The input START

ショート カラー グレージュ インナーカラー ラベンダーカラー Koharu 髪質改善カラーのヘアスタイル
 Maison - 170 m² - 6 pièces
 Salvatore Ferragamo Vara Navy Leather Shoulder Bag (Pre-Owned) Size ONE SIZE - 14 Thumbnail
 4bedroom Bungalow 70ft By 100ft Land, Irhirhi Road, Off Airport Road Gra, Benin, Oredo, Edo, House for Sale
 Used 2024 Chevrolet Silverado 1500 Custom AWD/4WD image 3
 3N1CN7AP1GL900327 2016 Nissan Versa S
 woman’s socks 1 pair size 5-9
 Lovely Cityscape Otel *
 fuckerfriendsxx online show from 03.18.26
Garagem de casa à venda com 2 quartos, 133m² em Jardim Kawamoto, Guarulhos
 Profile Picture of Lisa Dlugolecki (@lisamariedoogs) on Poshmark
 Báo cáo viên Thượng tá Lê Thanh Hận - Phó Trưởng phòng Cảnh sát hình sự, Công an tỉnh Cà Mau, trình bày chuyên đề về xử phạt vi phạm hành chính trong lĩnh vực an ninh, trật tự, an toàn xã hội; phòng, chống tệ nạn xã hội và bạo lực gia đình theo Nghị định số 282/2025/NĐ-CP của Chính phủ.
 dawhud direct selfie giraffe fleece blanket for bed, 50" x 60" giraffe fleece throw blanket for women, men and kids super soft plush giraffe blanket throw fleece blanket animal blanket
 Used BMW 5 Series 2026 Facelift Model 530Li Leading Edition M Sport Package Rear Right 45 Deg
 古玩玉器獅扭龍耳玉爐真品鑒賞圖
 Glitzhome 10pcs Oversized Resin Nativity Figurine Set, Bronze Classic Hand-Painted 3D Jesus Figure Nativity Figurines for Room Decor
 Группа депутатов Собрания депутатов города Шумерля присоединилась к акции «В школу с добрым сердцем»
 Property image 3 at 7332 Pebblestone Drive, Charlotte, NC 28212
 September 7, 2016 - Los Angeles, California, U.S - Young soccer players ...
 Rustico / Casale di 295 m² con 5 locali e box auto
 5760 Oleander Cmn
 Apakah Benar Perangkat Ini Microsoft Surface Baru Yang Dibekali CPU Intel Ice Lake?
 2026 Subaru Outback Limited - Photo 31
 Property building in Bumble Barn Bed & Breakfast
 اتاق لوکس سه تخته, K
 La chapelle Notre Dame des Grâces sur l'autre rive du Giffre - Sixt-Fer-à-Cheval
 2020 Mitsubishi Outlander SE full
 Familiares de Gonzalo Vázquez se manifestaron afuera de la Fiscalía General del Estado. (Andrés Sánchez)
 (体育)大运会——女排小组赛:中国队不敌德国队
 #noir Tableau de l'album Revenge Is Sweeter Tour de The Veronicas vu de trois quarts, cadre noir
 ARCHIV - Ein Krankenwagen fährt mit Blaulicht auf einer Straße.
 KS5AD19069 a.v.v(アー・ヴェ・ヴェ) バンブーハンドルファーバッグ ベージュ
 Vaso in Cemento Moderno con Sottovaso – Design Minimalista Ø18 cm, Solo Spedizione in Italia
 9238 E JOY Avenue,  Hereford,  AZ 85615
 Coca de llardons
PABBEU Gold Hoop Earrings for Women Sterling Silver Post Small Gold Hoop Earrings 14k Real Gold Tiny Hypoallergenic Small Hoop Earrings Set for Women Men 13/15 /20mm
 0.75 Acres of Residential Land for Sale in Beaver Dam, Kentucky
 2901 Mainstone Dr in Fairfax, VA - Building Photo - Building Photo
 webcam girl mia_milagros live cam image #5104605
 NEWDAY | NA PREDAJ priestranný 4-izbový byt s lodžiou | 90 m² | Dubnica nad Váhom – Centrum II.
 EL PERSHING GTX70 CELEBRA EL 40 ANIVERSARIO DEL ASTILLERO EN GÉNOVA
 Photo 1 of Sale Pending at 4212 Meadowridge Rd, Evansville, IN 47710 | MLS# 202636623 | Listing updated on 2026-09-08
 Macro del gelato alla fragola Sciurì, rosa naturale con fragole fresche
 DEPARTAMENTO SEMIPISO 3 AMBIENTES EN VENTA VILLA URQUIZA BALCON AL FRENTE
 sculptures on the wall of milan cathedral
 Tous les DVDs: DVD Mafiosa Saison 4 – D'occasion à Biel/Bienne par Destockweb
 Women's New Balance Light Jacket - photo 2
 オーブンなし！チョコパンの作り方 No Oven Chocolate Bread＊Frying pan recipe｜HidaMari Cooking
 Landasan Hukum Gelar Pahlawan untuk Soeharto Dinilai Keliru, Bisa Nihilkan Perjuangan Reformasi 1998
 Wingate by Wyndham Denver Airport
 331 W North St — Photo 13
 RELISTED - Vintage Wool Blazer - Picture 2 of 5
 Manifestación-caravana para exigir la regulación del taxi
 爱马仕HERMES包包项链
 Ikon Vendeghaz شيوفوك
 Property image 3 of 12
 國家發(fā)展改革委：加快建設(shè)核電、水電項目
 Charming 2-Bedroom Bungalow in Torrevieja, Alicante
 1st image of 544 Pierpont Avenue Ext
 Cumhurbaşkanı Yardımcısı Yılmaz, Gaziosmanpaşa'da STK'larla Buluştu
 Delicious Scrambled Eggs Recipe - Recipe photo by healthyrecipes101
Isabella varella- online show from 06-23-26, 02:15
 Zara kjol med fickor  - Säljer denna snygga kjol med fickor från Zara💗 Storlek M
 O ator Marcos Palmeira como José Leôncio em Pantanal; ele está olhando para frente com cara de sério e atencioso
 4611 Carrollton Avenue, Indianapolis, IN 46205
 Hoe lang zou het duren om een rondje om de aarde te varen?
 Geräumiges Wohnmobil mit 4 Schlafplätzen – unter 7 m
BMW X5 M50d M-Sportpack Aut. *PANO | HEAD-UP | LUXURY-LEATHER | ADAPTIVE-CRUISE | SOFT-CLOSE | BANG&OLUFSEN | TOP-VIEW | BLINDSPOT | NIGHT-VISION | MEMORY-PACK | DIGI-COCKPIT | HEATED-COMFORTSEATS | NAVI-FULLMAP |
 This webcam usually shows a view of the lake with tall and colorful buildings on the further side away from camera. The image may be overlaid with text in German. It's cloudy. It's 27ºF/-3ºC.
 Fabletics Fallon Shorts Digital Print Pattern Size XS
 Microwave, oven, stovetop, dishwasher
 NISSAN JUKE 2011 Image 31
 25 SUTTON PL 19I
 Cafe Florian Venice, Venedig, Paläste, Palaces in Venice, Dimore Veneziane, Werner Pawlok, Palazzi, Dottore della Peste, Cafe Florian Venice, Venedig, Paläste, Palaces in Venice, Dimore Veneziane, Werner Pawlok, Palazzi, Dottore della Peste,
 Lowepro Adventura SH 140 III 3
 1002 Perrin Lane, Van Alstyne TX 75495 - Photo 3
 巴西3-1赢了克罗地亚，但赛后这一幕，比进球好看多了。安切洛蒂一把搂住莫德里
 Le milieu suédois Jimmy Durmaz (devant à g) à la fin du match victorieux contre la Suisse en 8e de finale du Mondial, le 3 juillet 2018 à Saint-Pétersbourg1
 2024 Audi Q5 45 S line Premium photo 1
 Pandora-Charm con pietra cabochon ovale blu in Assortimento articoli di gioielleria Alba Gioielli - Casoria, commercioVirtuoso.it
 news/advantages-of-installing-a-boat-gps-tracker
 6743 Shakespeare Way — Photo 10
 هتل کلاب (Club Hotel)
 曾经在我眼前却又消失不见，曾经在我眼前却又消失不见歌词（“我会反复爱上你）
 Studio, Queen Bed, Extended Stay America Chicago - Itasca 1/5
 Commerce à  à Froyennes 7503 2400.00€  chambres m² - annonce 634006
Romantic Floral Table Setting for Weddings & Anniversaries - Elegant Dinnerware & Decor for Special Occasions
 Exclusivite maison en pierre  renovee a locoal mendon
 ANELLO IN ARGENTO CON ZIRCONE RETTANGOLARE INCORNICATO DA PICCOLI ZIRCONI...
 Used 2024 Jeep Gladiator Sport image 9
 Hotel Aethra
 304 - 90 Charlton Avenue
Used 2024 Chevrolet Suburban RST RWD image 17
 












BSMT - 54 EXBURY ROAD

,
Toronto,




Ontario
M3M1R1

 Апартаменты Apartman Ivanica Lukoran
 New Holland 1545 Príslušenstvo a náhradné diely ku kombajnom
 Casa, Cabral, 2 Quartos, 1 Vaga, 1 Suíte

The input END

### The problem
Everything above from the line with "4bedroom Bungalow 70ft" to the line with "Báo cáo viên", both included, must be repeated exactly, and nothing outside that range.

### Answer for this exercise
 4bedroom Bungalow 70ft By 100ft Land, Irhirhi Road, Off Airport Road Gra, Benin, Oredo, Edo, House for Sale
 Used 2024 Chevrolet Silverado 1500 Custom AWD/4WD image 3
 3N1CN7AP1GL900327 2016 Nissan Versa S
 woman’s socks 1 pair size 5-9
 Lovely Cityscape Otel *
 fuckerfriendsxx online show from 03.18.26
Garagem de casa à venda com 2 quartos, 133m² em Jardim Kawamoto, Guarulhos
 Profile Picture of Lisa Dlugolecki (@lisamariedoogs) on Poshmark
 Báo cáo viên Thượng tá Lê Thanh Hận - Phó Trưởng phòng Cảnh sát hình sự, Công an tỉnh Cà Mau, trình bày chuyên đề về xử phạt vi phạm hành chính trong lĩnh vực an ninh, trật tự, an toàn xã hội; phòng, chống tệ nạn xã hội và bạo lực gia đình theo Nghị định số 282/2025/NĐ-CP của Chính phủ.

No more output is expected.